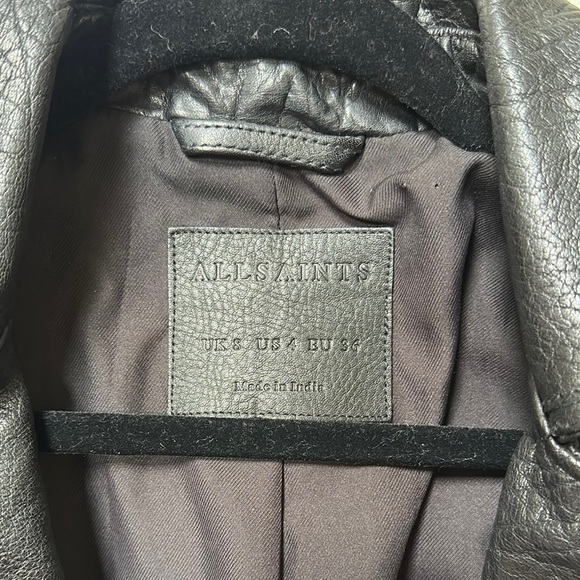 Allsaints Hadi Biker leather jacket sz 4 | black moto jacket EUC - Picture 2 of 16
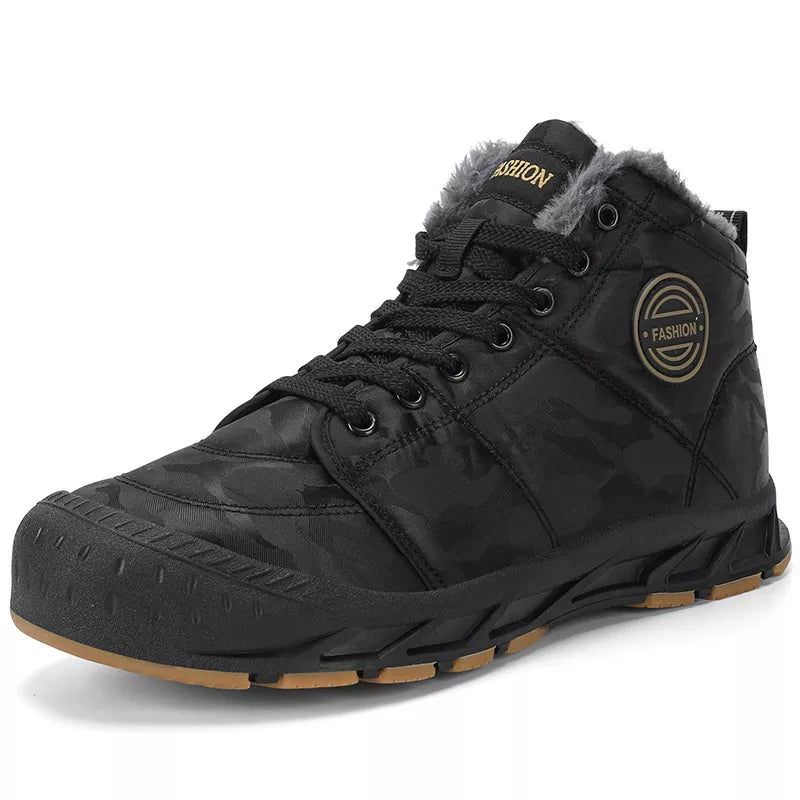Bottines d'Hiver Confortables et Fourrees - Pour Hommes noir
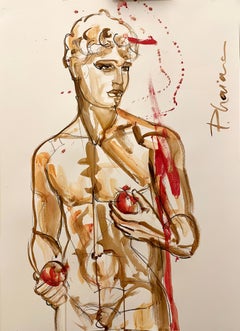 Tempera Figurative Drawings and Watercolors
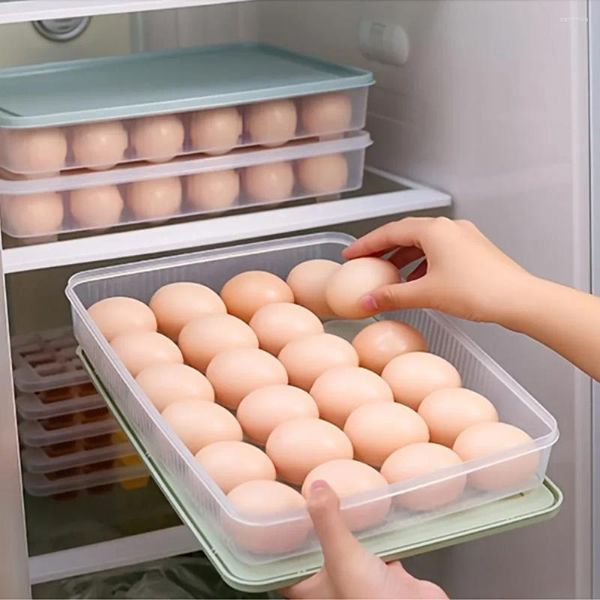 Bouteilles de rangement réfrigérateur Egg Crisper Boîte de maintien frais 24 Grilles Partement Cuisine Transparent Plastic épaissie
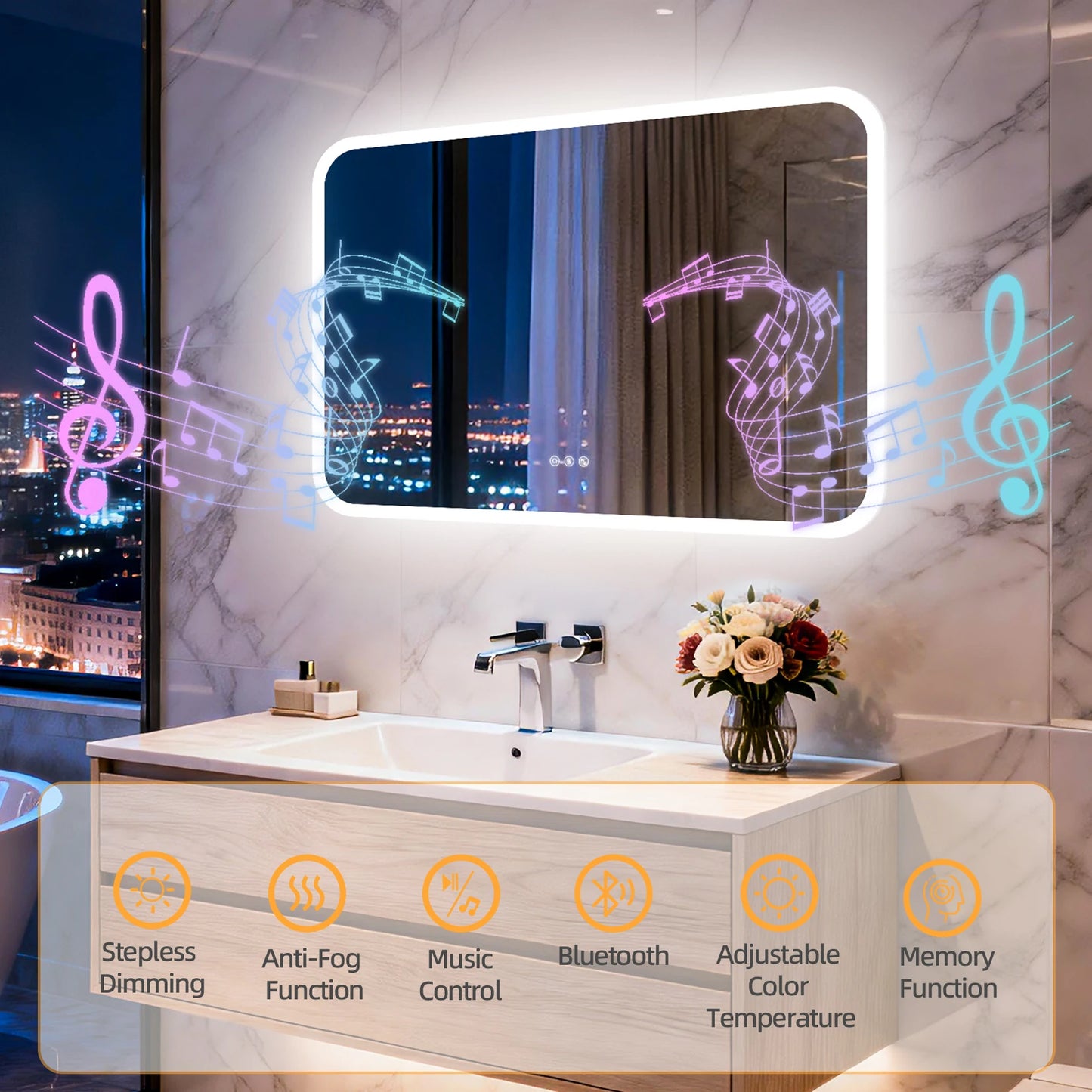 Smart LED Bathroom Mirror With Bluetooth Speakers And Dimmable Lighting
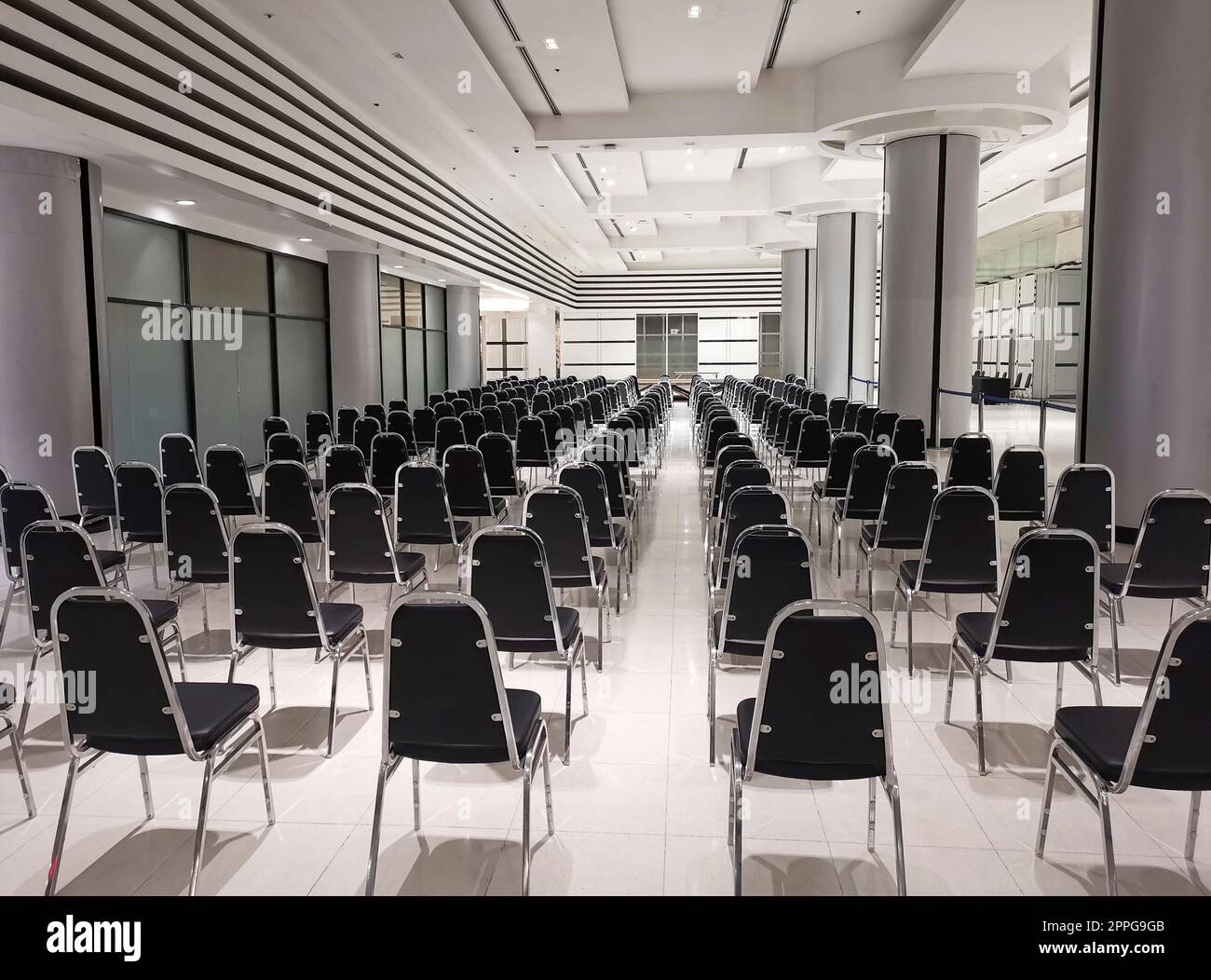 Empty chairs in a modern conference room. Shallow depth of field Stock Photo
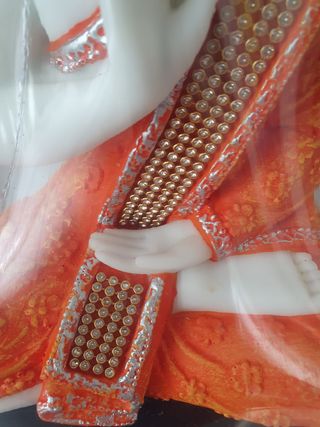 Statua Buddha Indiana Resina Arancione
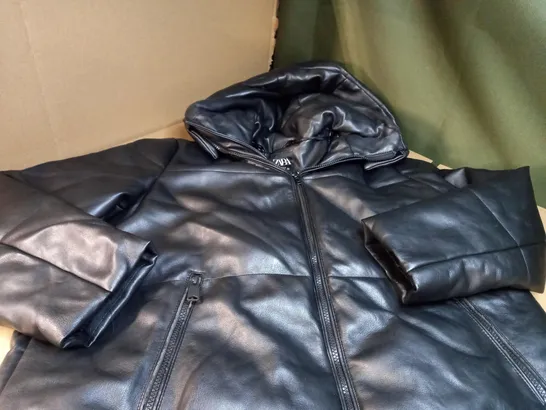 ZARA BLACK FAUX LEATHER PADDED JACKET - LARGE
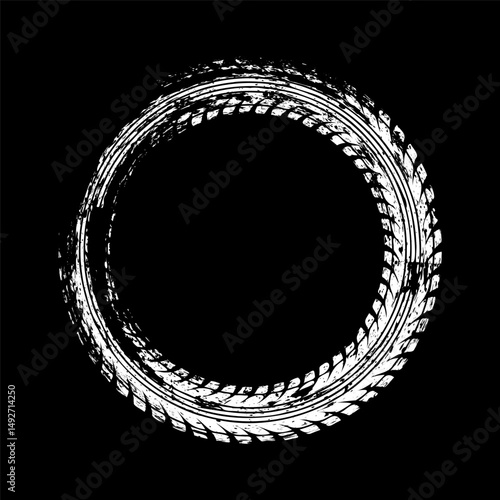 Grunge circle tire track, wheel braking mark. Truck, car or motorcycle tread pattern silhouettes. Auto race, motorsport, speed racing design element. Vector illustration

Task instructions =
Transcribe every record above in full. Pictures stay out of the copy.

Written solution =
 Allsaints Hadi Biker leather jacket sz 4 | black moto jacket EUC - Picture 2 of 16
Bottines d'Hiver Confortables et Fourrees - Pour Hommes noir
 Tempera Figurative Drawings and Watercolors
 Bouteilles de rangement réfrigérateur Egg Crisper Boîte de maintien frais 24 Grilles Partement Cuisine Transparent Plastic épaissie
 Smart LED Bathroom Mirror With Bluetooth Speakers And Dimmable Lighting
 Empty chairs in a modern conference room. Shallow depth of field Stock Photo
 Statua Buddha Indiana Resina Arancione
 ZARA BLACK FAUX LEATHER PADDED JACKET - LARGE
 Grunge circle tire track, wheel braking mark. Truck, car or motorcycle tread pattern silhouettes. Auto race, motorsport, speed racing design element. Vector illustration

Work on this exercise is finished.